The crackle of static hissing through the phone emphasized the silence. Then his sigh came through loud and clear. “I got a call yesterday morning on my private line. Very few people have this number. They offered me a fantasy. I set the terms, fill out a mountain of paperwork. They find a woman whose fantasy fits mine. I thought they were an escort service. Then I saw you with Sean, and I realized they were who they said they were.”
Marcella had prohibited Oasis from contacting Sean directly. A refusal would have been too humiliating. They had managed to engineer events so that she could offer herself in such a way that a refusal wouldn’t shatter her fragile ego or her working relationship with Sean. “They won’t tell you who requested you?”
He chuckled again. “Maybe I’ll steal a strategy from you and request her by name.”
Marcella worked her teeth against her lower lip as a seed of hope grew in her heart. She hoped her guess proved correct. “Fuller? I’m not canceling the benefit. I’m going to call Gretchen and beg her to reconsider.”
She could feel the tension radiating through the phone in Fuller’s silence. At last he cleared his throat. “Sean won’t do it.”
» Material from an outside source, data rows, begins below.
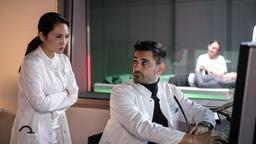 Dr. Ilay Demir (Tan Çağlar) bittet Dr. Lilly Phan (Mai Duong Kieu) um Unterstützung bei der Behandlung einer Patientin. Doch auch sie kann nicht organisch auffälliges feststellen.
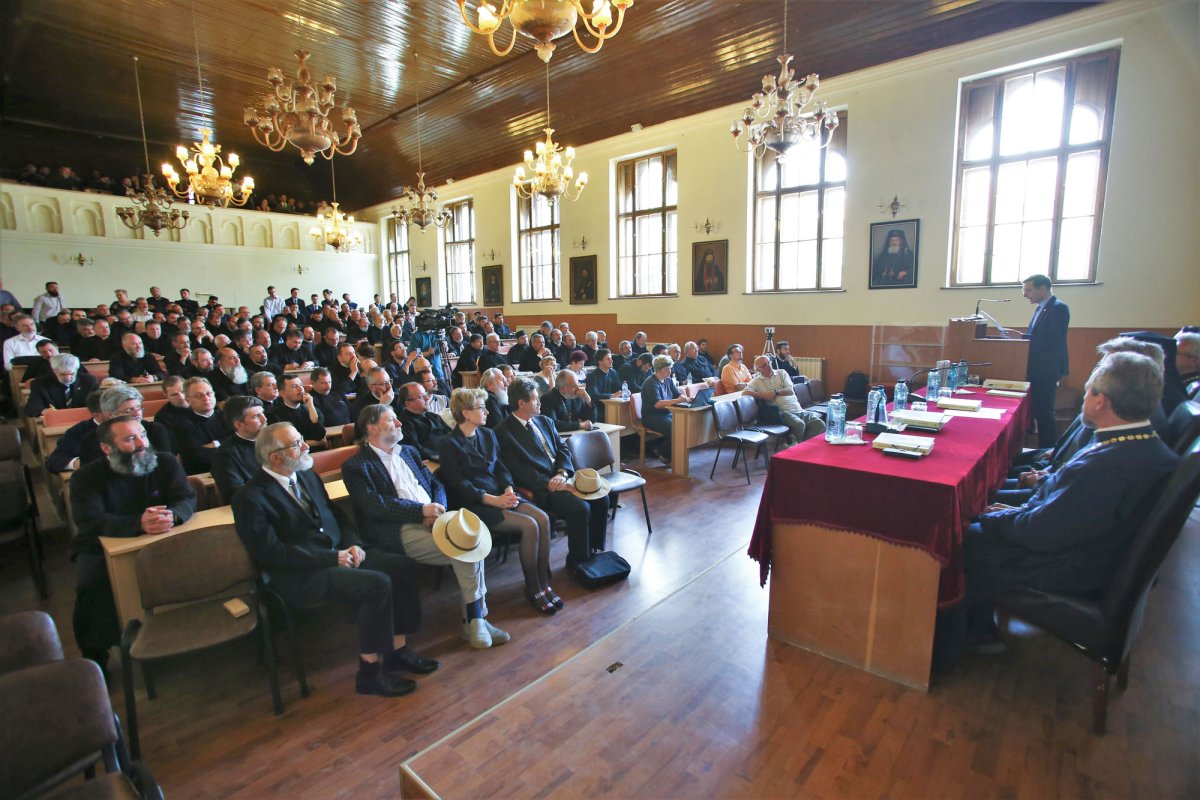 Președintele Academiei Române, Ioan Aurel Pop, a conferențiat la Sibiu 16839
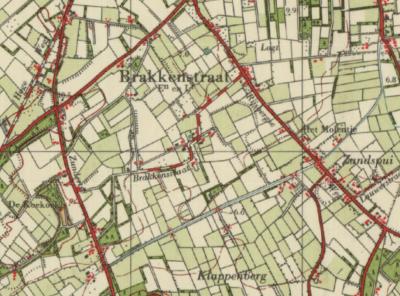 Buurtschap Brakkenstraat (hier op een kaart uit ca. 1960) ligt rond de gelijknamige weg, Z van Etten-Leur, N van buurtschap Klappenberg, NW van buurtschap Zandspui, tussen de Rijsbergseweg (de N394) en de Zundertseweg. (© www.kadaster.nl)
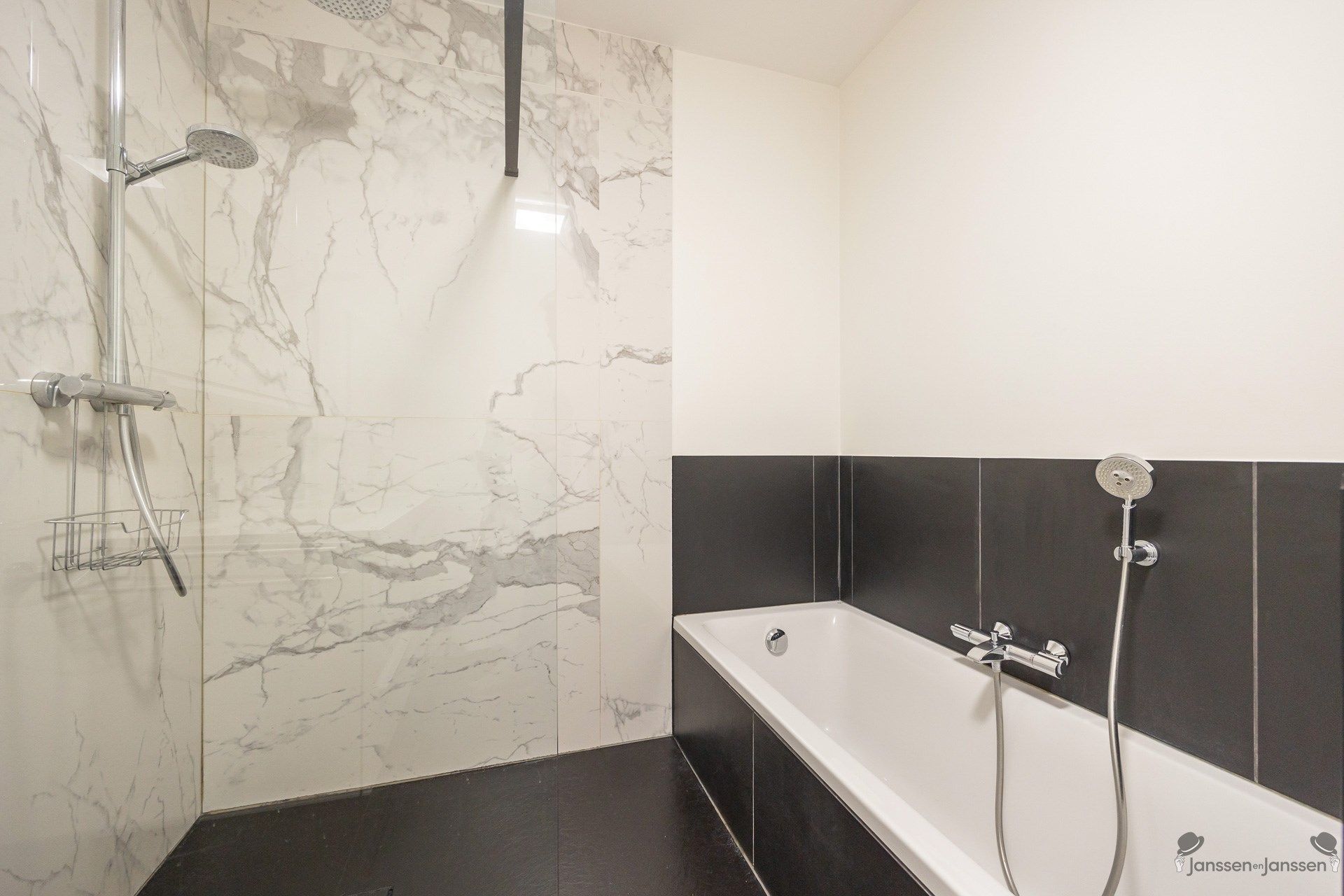Instapklaar gelijkvloers appartement met tuin en 2 autostaanplaatsen foto 8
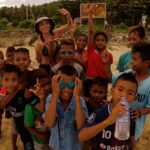 Paula Fernandes Instagram – Hoje é dia de #tbt. Aproveitar pra relembrar minha passagem pela Indonésia numa vila de gente simples e batalhadora. 

Emocionante e inesquecível! ❤️‍🩹 Indonesia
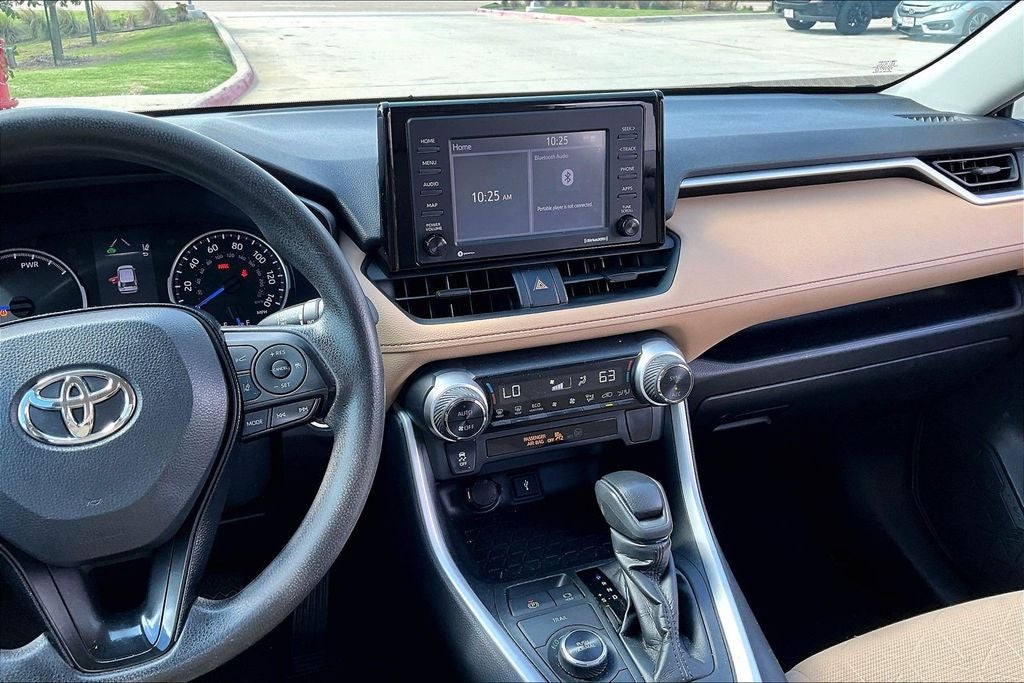 2020 Toyota RAV4 Hybrid XLE
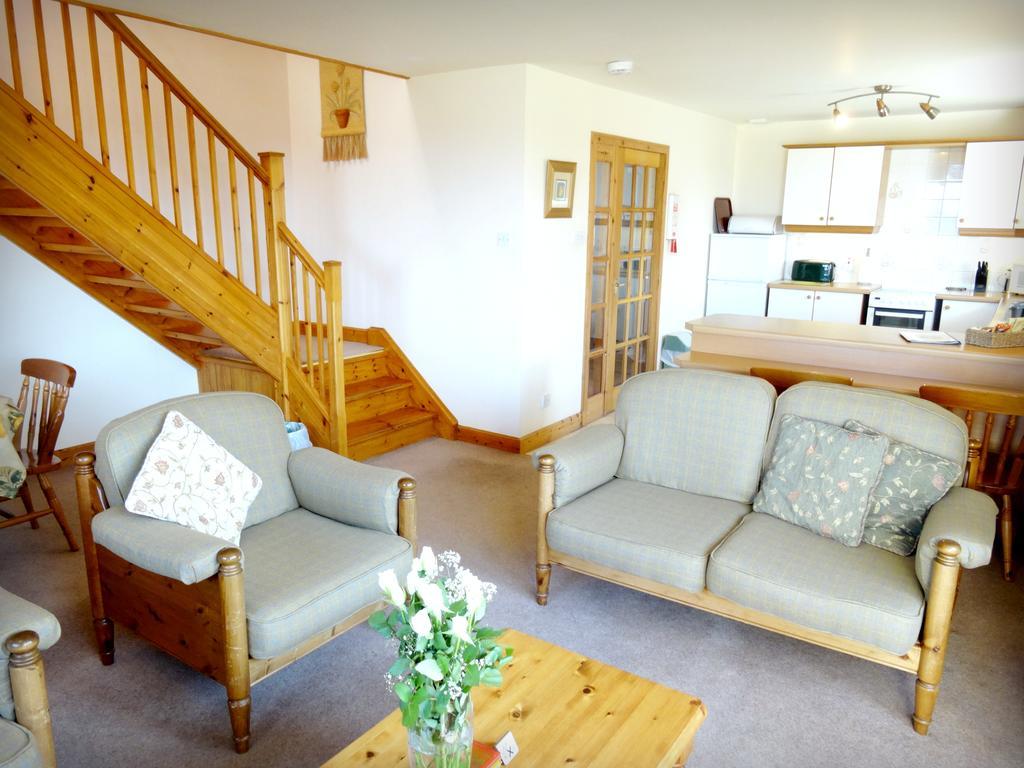 Carden Holiday Cottages - Elgin Crook of Alves Екстер'єр фото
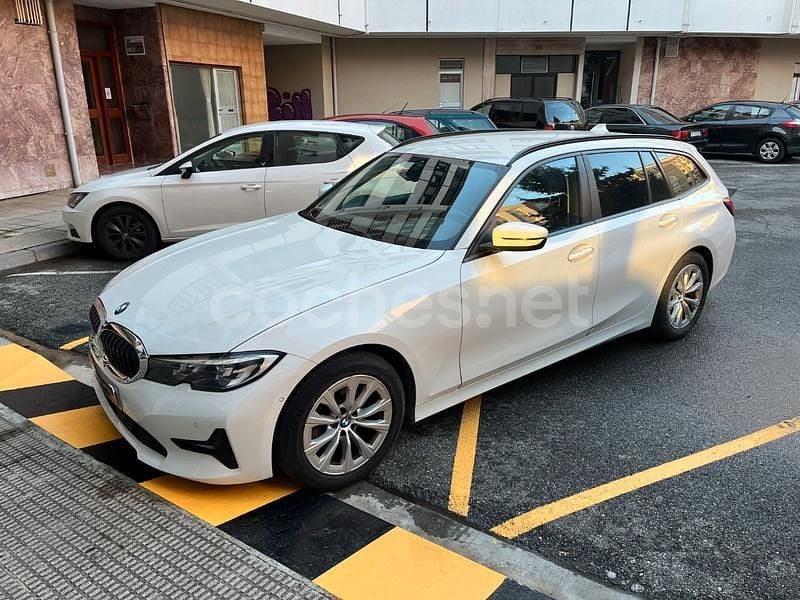 Usado BMW 318 150 CV (110 kW) 2021 Blanco Familiar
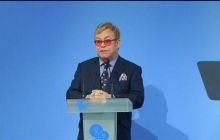 Елтон Джон на концерті звернувся до українки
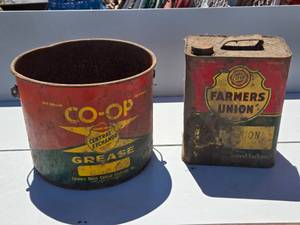 lot 291 image: Farmers Union Co-Op Pail and Pan (Pail has rusted out bottom)
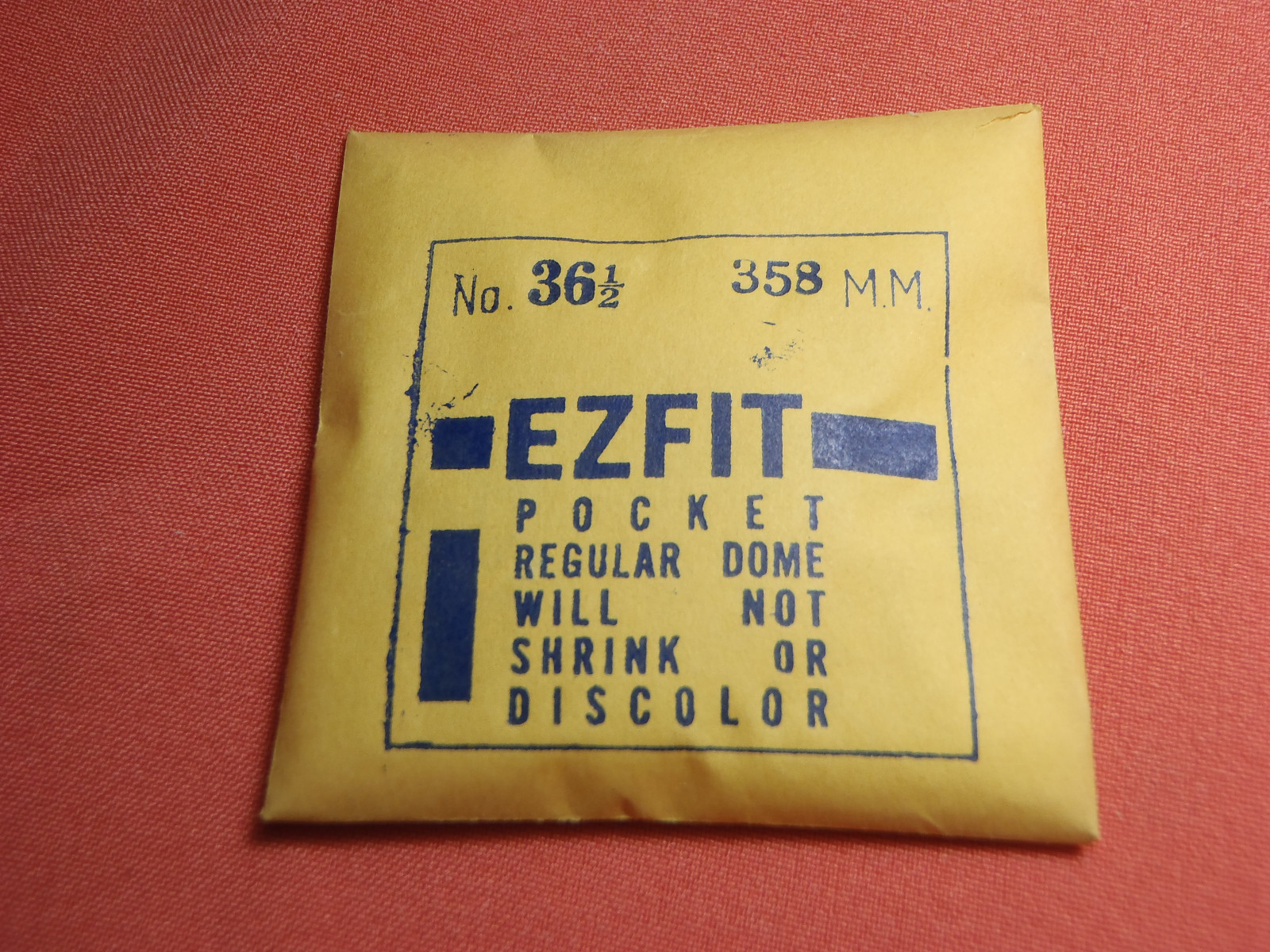 EZFIT REGULAR DOME ROUND PLASTIC WATCH CRYSTAL 35.8MM NOS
“Well, I don’t know that until I tell him she’s back on board. You know what this benefit means to him.”
“It doesn’t matter. You mean more.” His assurance came out as a growl, confirming Marcella’s suspicion.
“So maybe you’d be okay with stepping in and taking his place if he refuses?” This time she held her breath and waited.
At last Fuller exhaled, and she heard the relief in his voice. “I’m always willing to help my best friend.”
By the time Sean sauntered into her office with a cloth shopping bag and a tall cup of coffee an hour later, she had finished making calls.
He dropped the bag on one of the comfortable chairs facing her desk and sank into the other. He set his steaming cup next to her keyboard and leaned forward.
“Good morning, Marcella. Did you get my text?”
She nodded, her stiff response broadcasting her displeasure.
He locked gazes with her, holding her in his spell. “Did you do what I asked you to do?”
“I called Fuller. Your dry cleaning is ready, so I sent Gabriella to pick it up.” She set her mouth in a stubborn line. “But I didn’t cancel the benefit. I called Gretchen instead. She’s agreed to come by today so you two can negotiate exactly what will happen.”
His fingers curled into fists, his eyes narrowed, and his lips compressed until they turned white. Marcella had seen him this angry before, but his ire had always been directed elsewhere. Other people quaked at the air of danger he affected, but she wasn’t impressed. Okay, maybe she was a little afraid.